LoopEdge addresses security challenges in Industrial Internet of Things (IIoT) environments, as described in the following sections:
In today's world of connected things, manufacturing enterprises face on-going security threats that can impact critical operations, resulting in costly downtime. With the trend of IoT data processing and analysis moving to the edge of the network, the need for endpoint and data transport protection has greater importance for devices that may be vulnerable to cyber attacks.
Above all, security should be treated as a process, not as a one-time task to check off a list. To that end, Litmus Automation continually assesses security recommendations and takes the necessary measures to keep the software in compliance with current standards.
Security Built into LoopEdge Architecture
Since its inception, LoopEdge software has incorporated strict security standards.
- Secure Edge Device Onboarding - See LoopEdge Deployment.
- Seamless Southbound Connection - LoopEdge uses the following standards for connectivity between the PLC and other devices:
- ORiN (Open Resource Interface for the Network)
- DOSA (Distributed-power Open Standards Alliance)
OPC UA (Open Platform Communications Unified Architecture)
MTConnect open standard
- Device Management - LoopEdge uses LwM2M (OMA) for device management.
- Application Deployment - Users can create a private marketplace and deploy custom applications to run in a completely isolated, secure Docker environment within LoopEdge. It supports multi-tenancy.
- Cloud Connectivity - LoopEdge northbound device-to-cloud connectivity uses the following protocols. See Data Transport Security.
- LwM2M (OMA)
The LoopEdge framework addresses security in the following categories:
- Access Security: Allow only authorized personnel to access the device. Prevent at-the-device access to either credentials or data stored on the device.
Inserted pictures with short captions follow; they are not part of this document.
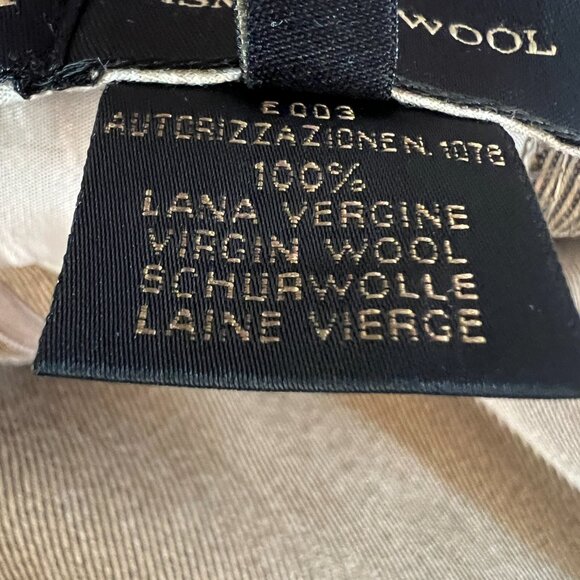 Mabitex Tasmanian Wool Twill Tan Cuffed Flat-Front Dress Pants - Men's 50/34x30 - Picture 9 of 9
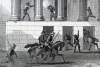 Confederate cavalry raids into Memphis, Tennessee, August 21, 1864, artist's impression, detail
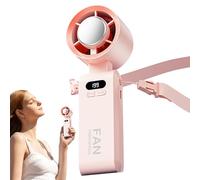 Desktop Coolinge Electric Fan - USB Rechargeable Fane with Digital Display, Portable Tool for Kitchen, Car, Camping Travel | Mini Fan for School, Home Office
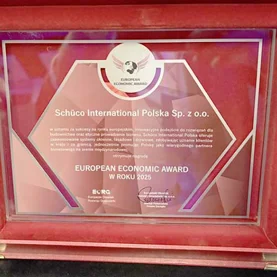 Schüco Polska z nagrodą European Economic Award 2025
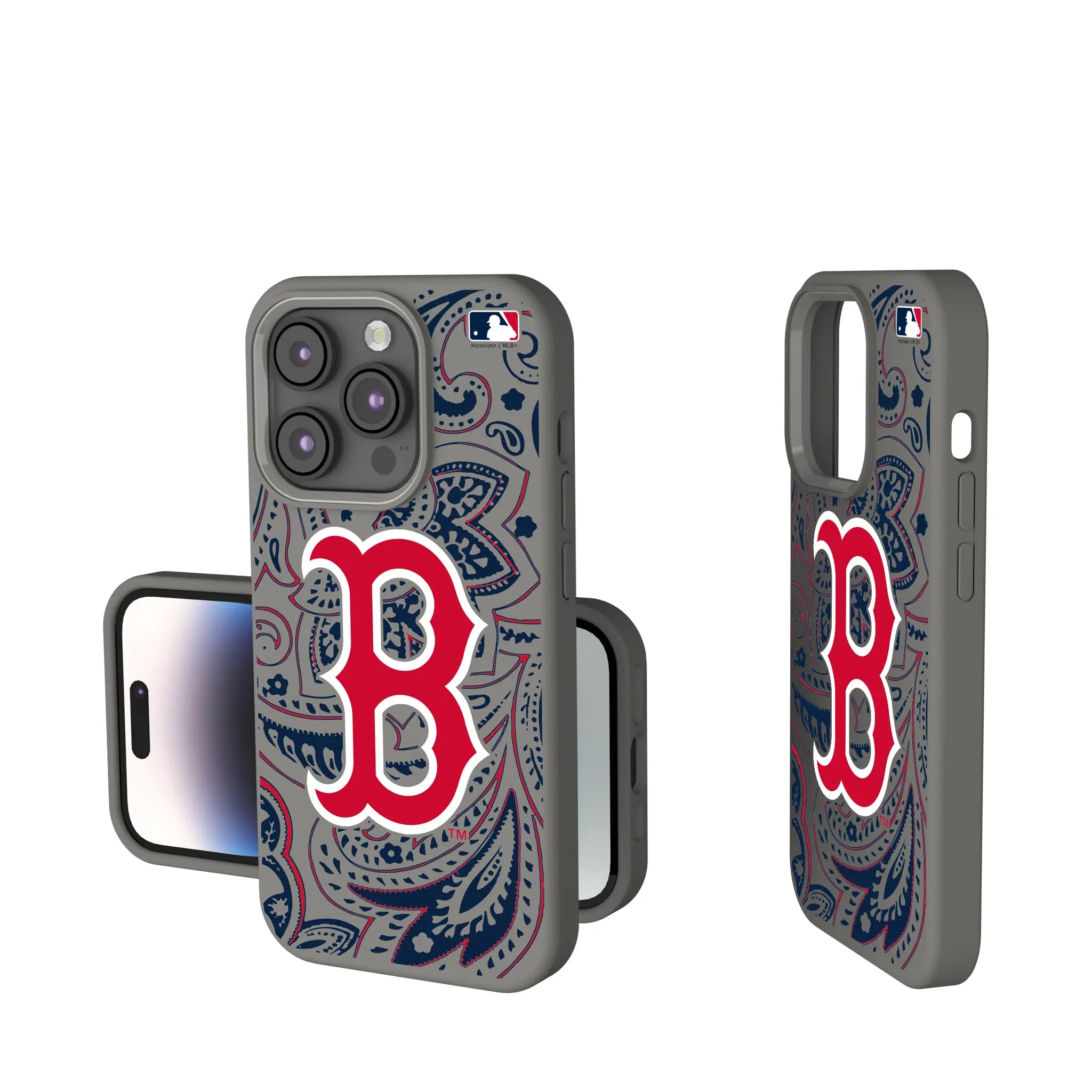 Boston Red Sox Paisley iPhone Soft Touch Phone Case for Apple iPhone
- Data Transport Security: Protect data transferred to and from the device.
- Over-the-Air Updates: Ensure secure firmware updates.
LoopEdge handles device access and threat detection in the following ways.
- Only the most secure ciphers are used for password protection.
Passwords must follow the rules defined in Password Requirements. Strong passwords provide the first line of defense against security breaches.
Passwords are always stored in the system salted and hashed.
Access to password hashes is restricted.
LoopCloud can be configured with two-factor authentication, requiring an additional layer of authentication in order to access data sent to the cloud.
Remote Access via LoopCloud
LoopEdge works seamlessly with the LoopCloud platform for cloud-level processing and device management. Access LoopEdge devices from anywhere via the LoopCloud platform Remote Access feature, allowing flexible and secure access to your LoopEdge Devices for troubleshooting and configuration. See Remote Access to LoopEdge.
Data Transport Security
Data transmission occurs over an encrypted pipe, which uses SSL and TLS.
- All communication between a LoopEdge device and a user's browser is protected by transport layer encryption (SSL, TLS 1.3/1.2).
- The HTTPS protocol ensures secure access to LoopEdge devices.
- LoopEdge includes an SSL certificate from the Certificate Authority (CA) for each device. See also, Certificates.
- Additional certificates with private keys can be added to a device.
- LoopEdge DataHub includes a native and highly scalable message broker to publish data and subscribe to topics, with a high level of security and isolation, allowing multiple applications to consume data at the same time.
All software updates, including the image files (.ova and .upd) updates, are digitally signed and encrypted. Data integrity and signature validity are verified before any upgrade.
Over-the-air (OTA) device firmware updates can be configured in LoopCloud using the following firmware features:
- Distribution Sets: Upload software module files to a device via the secure cloud connector.
- Deployment: Select multiple target devices for the update.